O PIB divulgado ontem corroborou as previsões. Mais do que isso, os resultados afastaram, pelo menos por ora, a preocupação de que o ciclo de investimentos perdera fôlego, com a taxa subindo para 18,4% do PIB. A alta do PIB, de 1,3% ante o trimestre anterior (anualizada de 5,3%), ainda foi acima do potencial, o que sinalizaria a necessidade de novos apertos monetários, mas três outros resultados qualificam essa conclusão. Primeiro, parte dessa aceleração pode refletir o fraco desempenho do segundo semestre de 2010; de fato, os dois setores mais dinâmicos no trimestre, agropecuário e indústria, tinham recuado na segunda metade do ano passado. Assim, ante o mesmo trimestre de 2010, o aumento do PIB foi de moderados 4,2%.
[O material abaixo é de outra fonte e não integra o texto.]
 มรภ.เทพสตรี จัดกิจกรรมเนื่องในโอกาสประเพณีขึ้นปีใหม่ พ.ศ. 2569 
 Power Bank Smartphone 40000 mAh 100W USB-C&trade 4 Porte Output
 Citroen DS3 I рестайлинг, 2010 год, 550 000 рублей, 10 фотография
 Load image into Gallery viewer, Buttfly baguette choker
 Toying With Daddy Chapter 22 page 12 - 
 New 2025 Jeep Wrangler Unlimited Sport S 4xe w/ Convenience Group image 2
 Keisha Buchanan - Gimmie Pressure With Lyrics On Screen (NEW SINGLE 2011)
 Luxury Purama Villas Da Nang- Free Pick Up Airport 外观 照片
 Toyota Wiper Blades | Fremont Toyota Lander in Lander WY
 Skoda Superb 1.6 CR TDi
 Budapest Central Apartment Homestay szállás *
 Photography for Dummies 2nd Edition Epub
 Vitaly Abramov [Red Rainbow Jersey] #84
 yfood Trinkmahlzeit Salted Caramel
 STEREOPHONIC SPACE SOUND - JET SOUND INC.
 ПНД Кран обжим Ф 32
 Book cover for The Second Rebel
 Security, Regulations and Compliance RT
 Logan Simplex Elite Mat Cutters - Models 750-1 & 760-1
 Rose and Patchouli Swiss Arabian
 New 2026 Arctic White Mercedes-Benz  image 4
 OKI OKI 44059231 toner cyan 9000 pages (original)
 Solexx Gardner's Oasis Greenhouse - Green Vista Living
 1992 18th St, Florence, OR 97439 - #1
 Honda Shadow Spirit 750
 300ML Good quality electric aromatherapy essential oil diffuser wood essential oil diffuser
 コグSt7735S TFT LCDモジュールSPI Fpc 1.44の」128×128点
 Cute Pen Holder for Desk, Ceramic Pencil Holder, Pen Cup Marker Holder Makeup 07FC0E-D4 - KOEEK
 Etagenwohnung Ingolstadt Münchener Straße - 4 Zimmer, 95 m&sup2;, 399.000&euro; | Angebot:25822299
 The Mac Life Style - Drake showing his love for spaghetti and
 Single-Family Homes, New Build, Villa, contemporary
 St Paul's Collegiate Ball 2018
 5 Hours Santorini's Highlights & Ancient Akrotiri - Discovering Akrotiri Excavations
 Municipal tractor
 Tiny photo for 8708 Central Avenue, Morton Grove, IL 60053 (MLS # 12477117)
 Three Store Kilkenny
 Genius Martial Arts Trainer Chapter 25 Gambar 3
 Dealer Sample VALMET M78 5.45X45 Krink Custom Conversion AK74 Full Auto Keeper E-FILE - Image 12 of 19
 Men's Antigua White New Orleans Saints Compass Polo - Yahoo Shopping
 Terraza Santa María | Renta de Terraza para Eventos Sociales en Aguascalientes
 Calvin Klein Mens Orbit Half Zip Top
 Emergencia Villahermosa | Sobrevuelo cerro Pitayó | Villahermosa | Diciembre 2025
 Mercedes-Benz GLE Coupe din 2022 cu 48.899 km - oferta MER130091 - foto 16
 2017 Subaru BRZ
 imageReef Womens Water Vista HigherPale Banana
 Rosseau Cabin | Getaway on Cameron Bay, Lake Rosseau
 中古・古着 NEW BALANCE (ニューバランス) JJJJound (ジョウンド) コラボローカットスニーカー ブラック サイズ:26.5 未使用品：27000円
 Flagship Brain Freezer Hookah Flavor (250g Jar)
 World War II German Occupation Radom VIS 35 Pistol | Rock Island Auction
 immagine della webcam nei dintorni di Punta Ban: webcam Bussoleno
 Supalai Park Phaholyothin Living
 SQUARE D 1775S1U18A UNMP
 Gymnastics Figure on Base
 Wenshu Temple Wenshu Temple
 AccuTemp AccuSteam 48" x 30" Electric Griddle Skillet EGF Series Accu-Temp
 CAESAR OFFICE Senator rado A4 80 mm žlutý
Segundo, o consumo das famílias arrefeceu bastante, com expansão anualizada de 2,4%, bem abaixo do observado em 2010. Por fim, parte relevante da variação do PIB foi explicada pelo acúmulo de estoques, que saiu de -1% do PIB no quarto trimestre de 2010 para 0,4% no primeiro trimestre deste ano. Ainda que essa variável seja muito volátil, não é possível explicar o comportamento do PIB sem levá-la em conta.

Os indicadores para o segundo trimestre têm sido menos positivos, sinalizando desaceleração já em abril. Ainda que fatores fortuitos em parte expliquem esse desempenho, é provável que neste trimestre o PIB cresça mais devagar.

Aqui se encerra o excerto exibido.